Researchers attribute this mainly to the energy mix of respective nations, rather than to the emissions generated during the transportation process since the bulk of CO2 footprint of a solar module comes from 50% to 63% of electricity needed to produce it. In comparison, a PV module travelling from a facility in China to the EU would account for 3% of total emissions.
Additionally, a study on the subject by the team also found 7.5% to 12.5% additional emissions reduction for glass-glass modules, compared to those with backsheet films, irrespective of their manufacturing location. This is because glass-glass modules do not require energy intensive aluminium frame.
Glass-glass modules have a longer working life and produce 22% to 27% less CO2 emissions and lower annual degradation than those using a film, which the researchers believe further improves their carbon footprint. “Unfortunately, only a few manufacturers opt for frameless glass-glass modules,” they add.
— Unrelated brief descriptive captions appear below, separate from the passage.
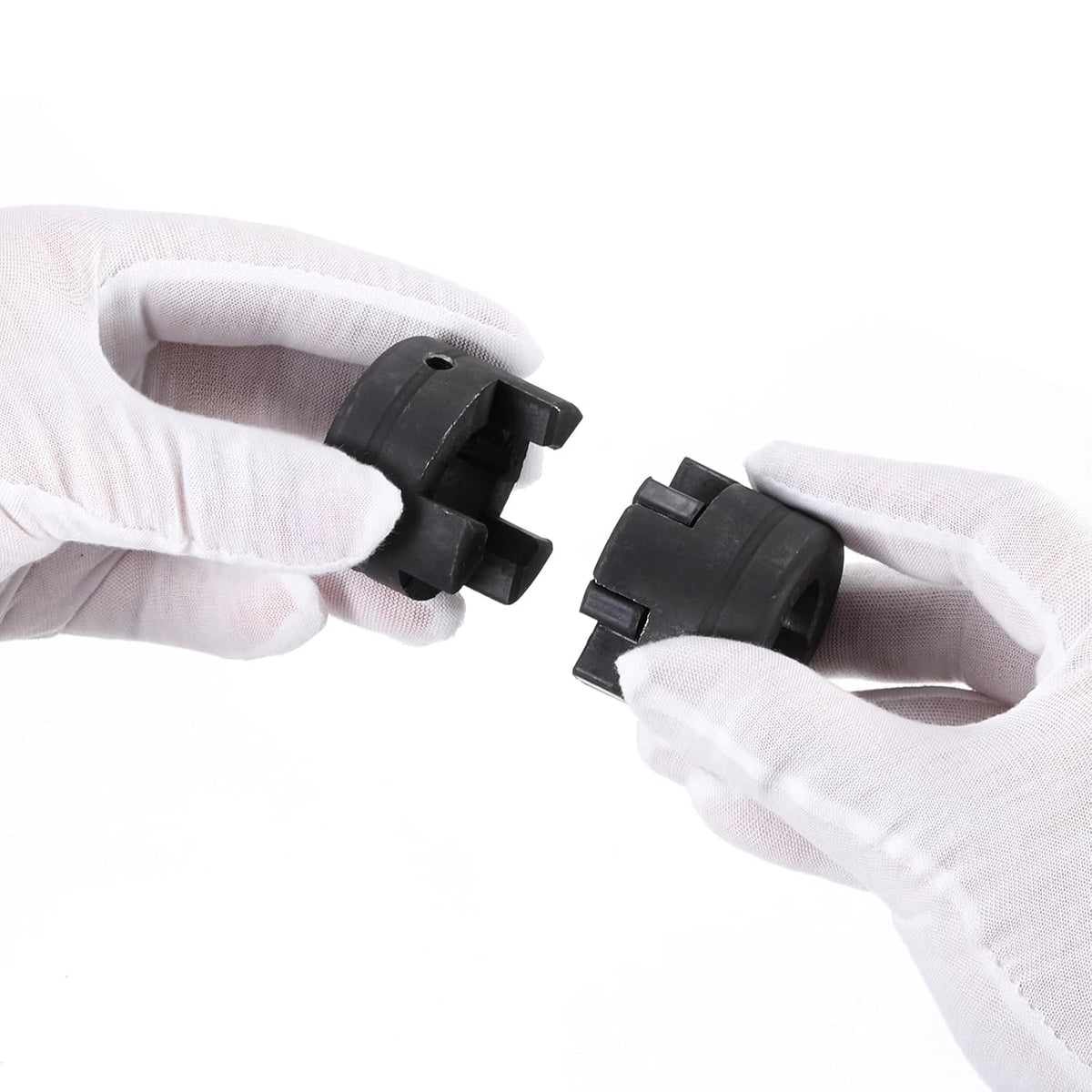 uxcell 1" to 1" L075 Flexible 3-Piece L-Jaw Coupling Coupler Set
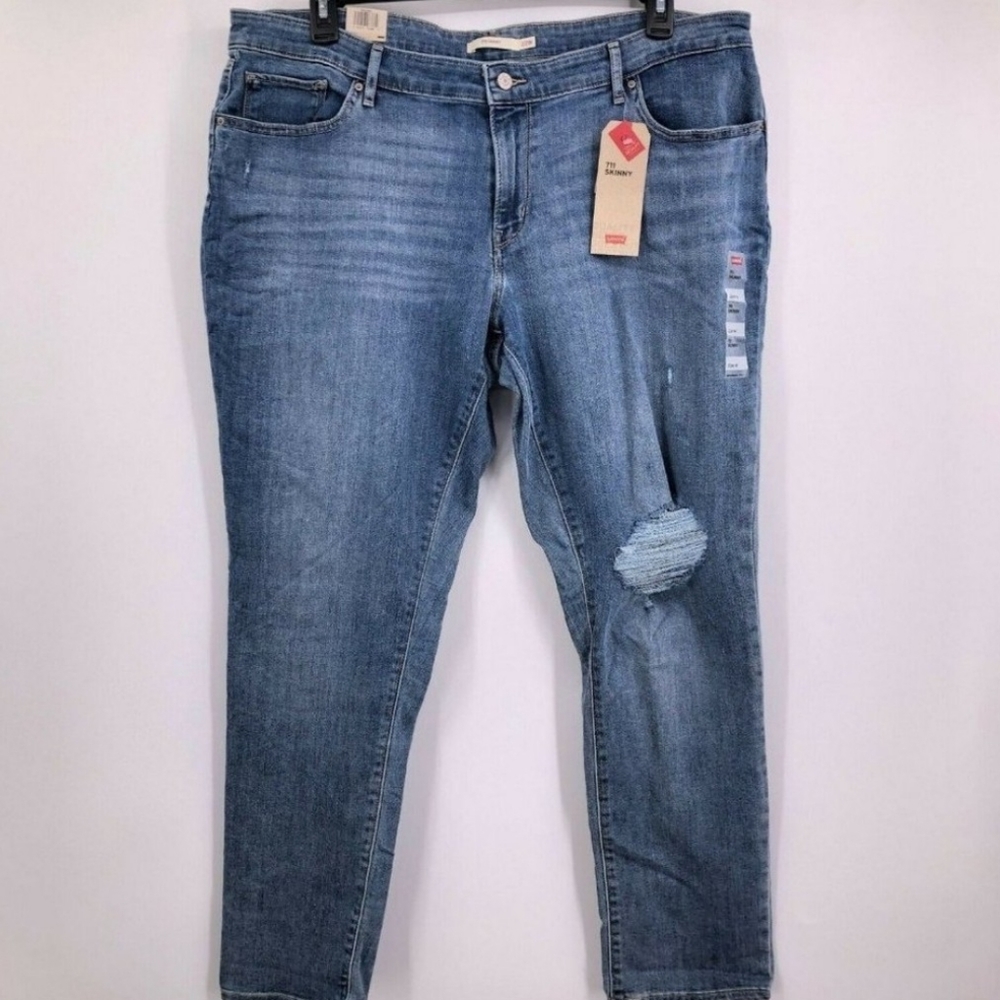 Levi's 711 Skinny Jeans Size 22 Stretch - Picture 9 of 9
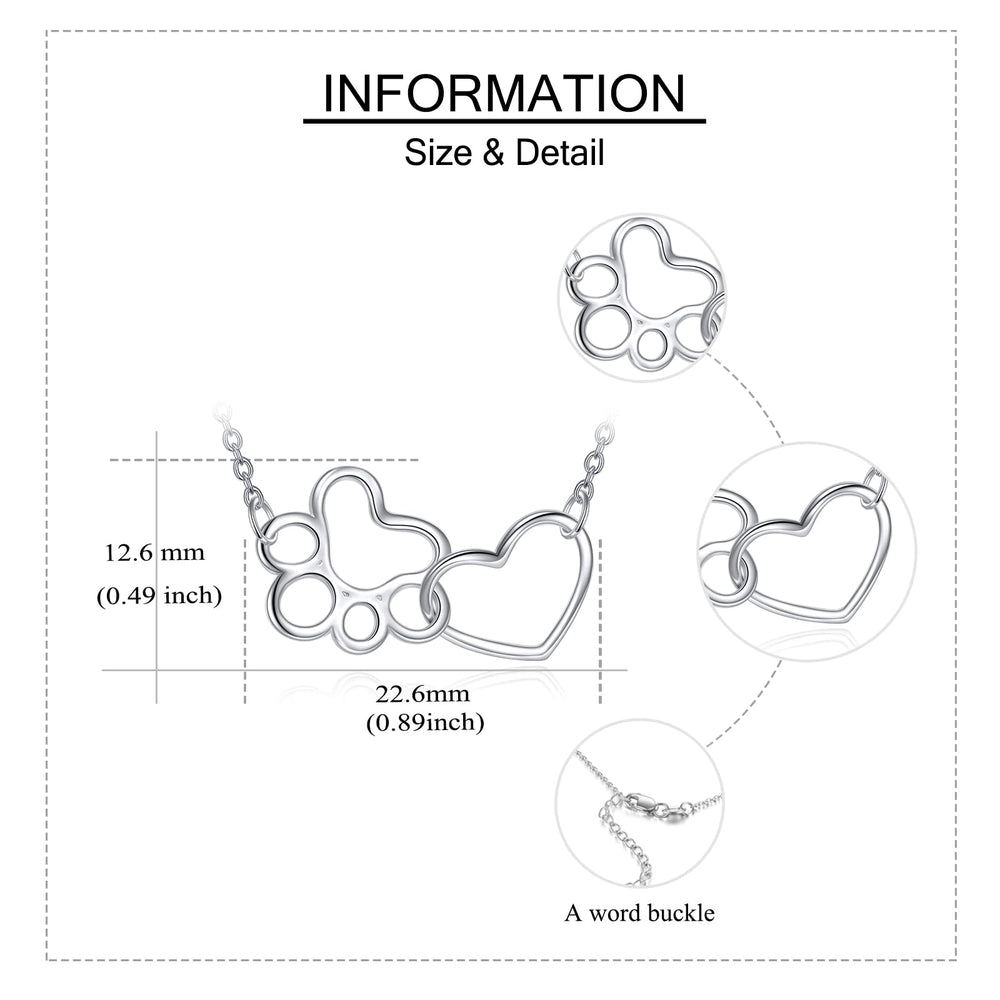 ONEFINITY 18-inch chain paw necklace image demonstrates length for comfortable daily styling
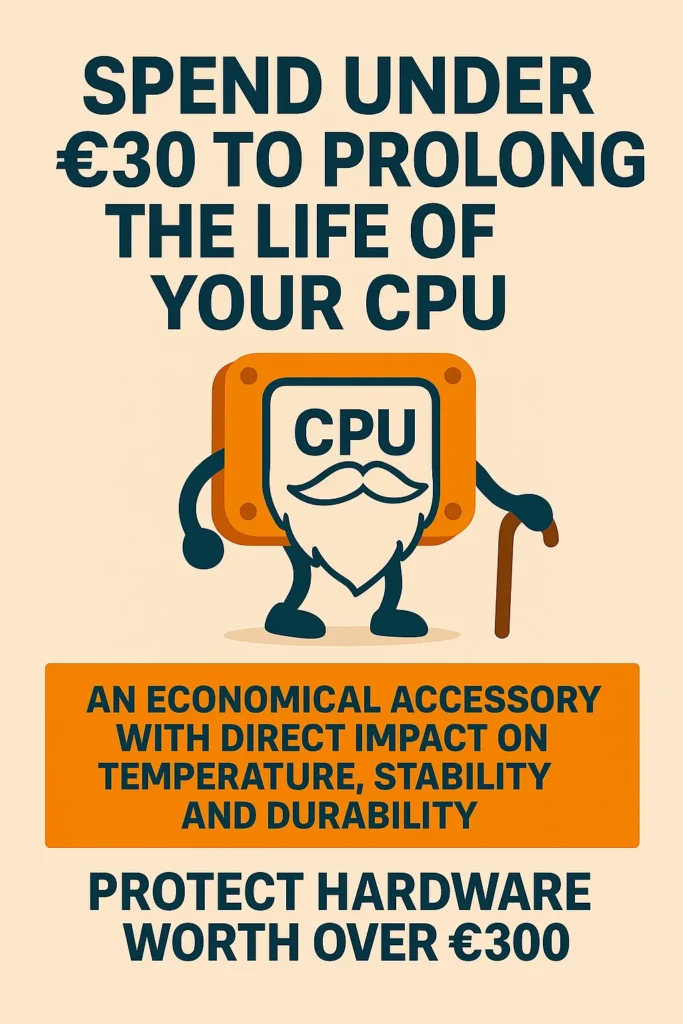 Invierte menos de 30 € y prolonga la vida de tu CPU
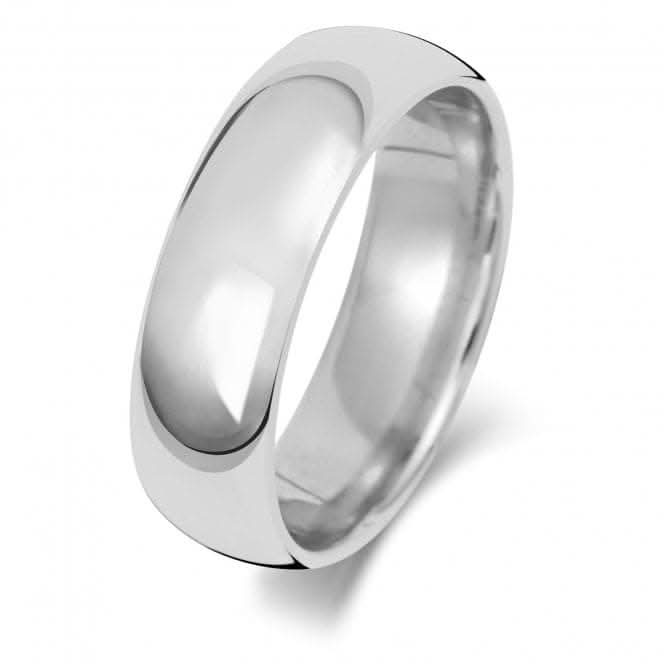 Wedding Band 18K Trad Court 6mm Wedding Ring WQ166WM
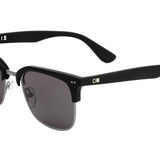 Otis Eyewear 100 Club Matte Black Brushed Gunmetal Grey Polar Lens Sunglasses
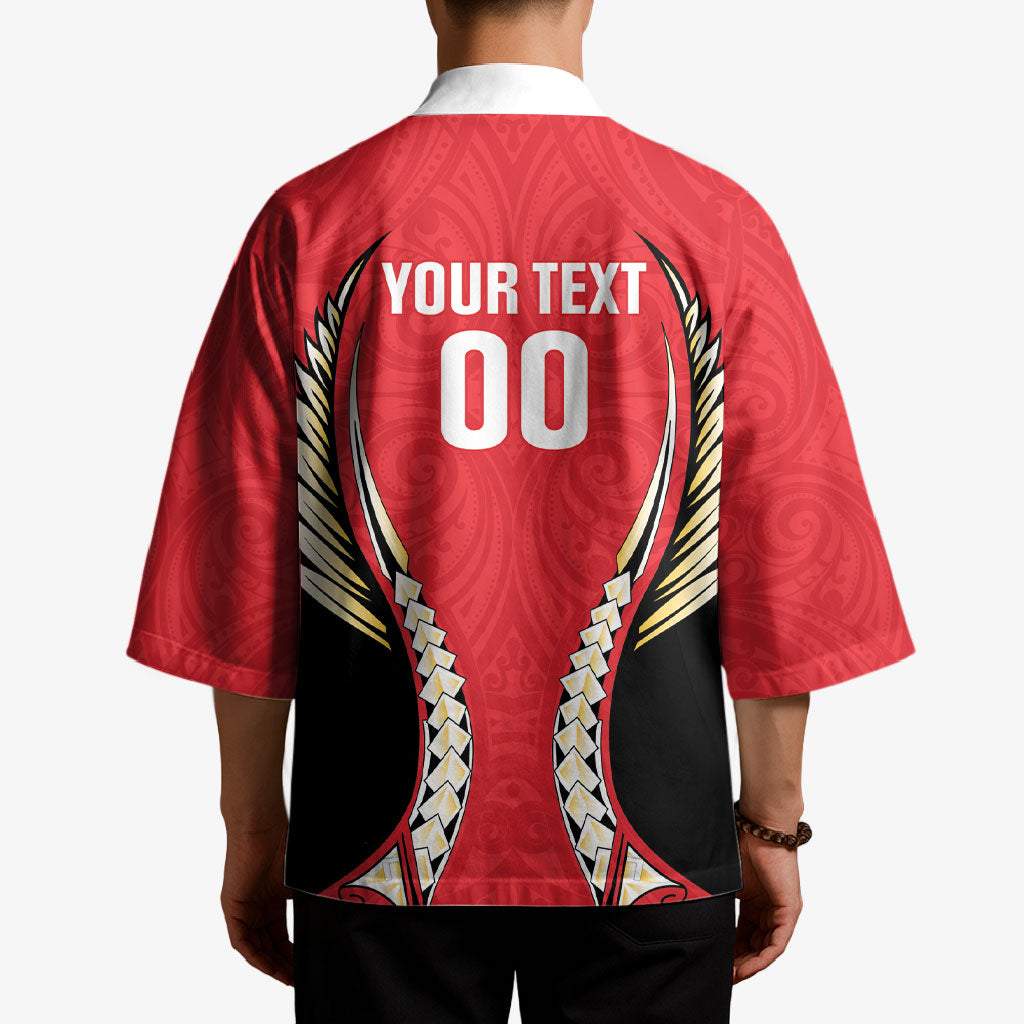 Waikato 2026 Rugby Custom Kimono NZ Maori Silver Fern LT14 - Polynesian Pride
Fraunhofer ISE’s analysis is based on data collected at the institute in collaboration with the industry.
“This is the real news. Compared to life cycle analyses based on older data sets that are still used today, the study showed that the carbon footprint of PV modules has improved by about 80 percent in recent years,” explained Fraunhofer ISE’s Head of Department for Module Technology Dr. Holger Neuhaus. “This is due to improvements in the silicon yield, the manufacturing processes of module efficiency and the CO2 intensity of power generation.”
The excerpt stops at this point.